When we groom dogs we are working with very sharp instruments. If the dogs is extremely afraid and/or thrashes and fights, it is very easy to cut the dog, which will make the dog even more afraid next time. 

You would really need to consider a lot of things before taking on a difficult clip that is time consuming. I might choose a simple kennel cut and do it more often if she tries to bite or is afraid.


----------



## ItzaClip (Dec 1, 2010)

You need to find a groomer that does one on one, and is familiar with shy dogs. The key to shy dogs is time and relationship. We don't expect to drop off kids with compete strangers they've never met without stress, why our dogs? Best tip for shy dogs is to go meet groomer (I let dog run and sniff on floor in groom room while I chat with owner) and do small easy service like bath tidy. Clean face is more invasive if they never had done, but bonus if they don't like dryer then they don't have to get face dried.
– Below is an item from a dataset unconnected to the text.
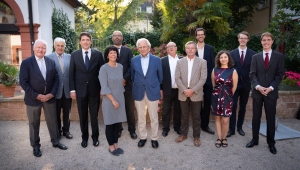 Gruppenbild im Garten der HAdW, im Hintergrund sind grüne Pflanzen zu sehen, davor stehen 12 Personen in zwei Reihen zusammen, sie tragen feierliche Kleidung und lächeln in die Kamera, die 10 Männer tragen dunkle Anzüge, eine Frau in der ersten Reihe links ein graues Kleid, eine Frau in der Resten Reihe rechts ein blaues Kleid mit rotem Blumenmuster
Sent from Petguide.com Free App


----------



## Karlojean (Aug 26, 2013)

No, she's not matted. They told me they muzzled her because " She was acting weird" whatever that means, i didn't ask. But they told me that she was fine. But I did notice that her paw was bleeding when she got home, so I think they cut her and didn't notice. She's 4 years old, but she had never been groomed before until we adopted her. She was last groomed about 2 months ago. Ive been trimming the hair around her eyes and stuff but its definitely time for her to get a professional grooming. Whenever I brush her she seems to love it and she'll even fall asleep in my lap. But she has snapped at the vet once when he was messing with her ears, so she acts differently with strangers. 
Do you think it would be okay if I asked the groomer to try to do a miami cut, but if she felt like Macie was scared or uncomfortable then to just stop and do a kennel cut?
The first time I took her to Petsmarts to get groomed,but this time Im taking her to a groomer that was recommended by the humane society, so she has experience working with difficult dogs.


----------



## N2Mischief (Dec 3, 2012)

itzaclip is way more knowledgeable than I. I worked at groom shops, first as a bather, then started to train to groom, then became office manager. I got to check in and out the dogs, discuss cuts, and hand them back when they were through  Besides request dogs, I stayed up front at the desk. 

I do think it is so important to find someone who you go back to each time, and especially that you can trust. A good groomer will be able to watch your pup and decide if a complicated clip will work or if she needs more work first. I would let them know she has snapped in the past so they can be extra careful.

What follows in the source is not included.